The following table describes the key differences between them so you can choose which command is appropriate for your task. Each command also includes a link to the help article for that command.
The CREATE MULTIPLE SELECTION command is also considered in this table because it also outputs a multiple response variable:
Command |
What it does |
Common application(s) |
CREATE MULTIPLE DICHOTOMY |
Creates a multiple response variable from a list of categorical variables. |
- The imported data lacked metadata to define variable groupings, so you need to define them after import.
- Grouping the “Yes” response(s) from different questions to create a summary.
|
CREATE MULTIPLE DICHOTOMY FROM |
Creates a new derived Multiple Response variable using an existing categorical array variable as input, by indicating which categories are “selected” in the condensed output. |
- You want to summarize an existing array for a simplified analysis of “top two” categories of a scale.
|
CREATE MULTIPLE DICHOTOMY WITH RECODE |
Operates on an input set of disparately-coded categorical variables and indicate which category to use on each of them to create a multiple dichotomy array. |
- You want to group variables but they all have different values/labels (so you need to recode them).
- Only selected responses are recorded and each column is otherwise missing.
- Selected responses take a different value or code and label in each input variable (cf. SPSS CATEGORYLABELS=VARLABELS).
- Inputs contain missing data that should belong to a valid, non-selected category. You can Recode using expressions representing your survey routing logic if needed.
|
CREATE MULTIPLE SELECTION |
- Converts a fixed series of categorical inputs containing “selections” into dichotomies. Each of the resulting subvariables takes for its selected value each of the categories in any of the input variables.
- For example, if you have 50 unique categories across the input variables (typically far fewer than the number of categories), the result will have 50 subvariables in the new multiple response variable.

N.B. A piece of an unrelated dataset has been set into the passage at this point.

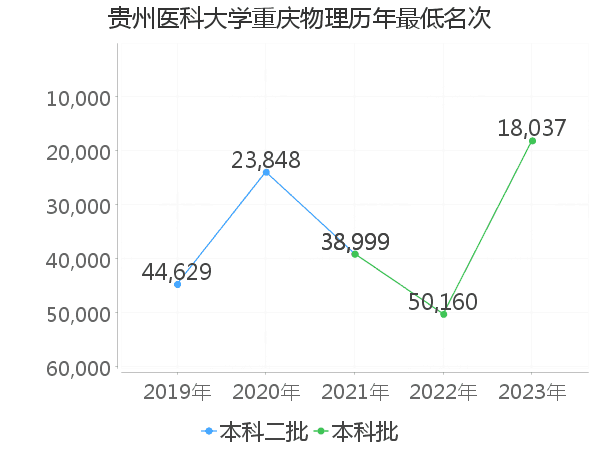 最低分名次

- Multiple selection is “lossy” encoding in that the items all must be valid or missing for an entire row.
|
- You have multiple response data that has been stored in multiple selections format with many categories, and you need to transform them into dichotomous subvariables that make a multiple response variable. (e.g., inputs are “Selection 1”, “Selection 2”; each categorical indicating “Item B chosen as Selection 1”. Instead, you want to know how many respondents chose Item B.)
- You import categorical data that represents ‘coded’ text, with a variable for matched strings in order of appearance (a row may match up to the number of input columns). The output of interest is the selection of each category in any of the input variables.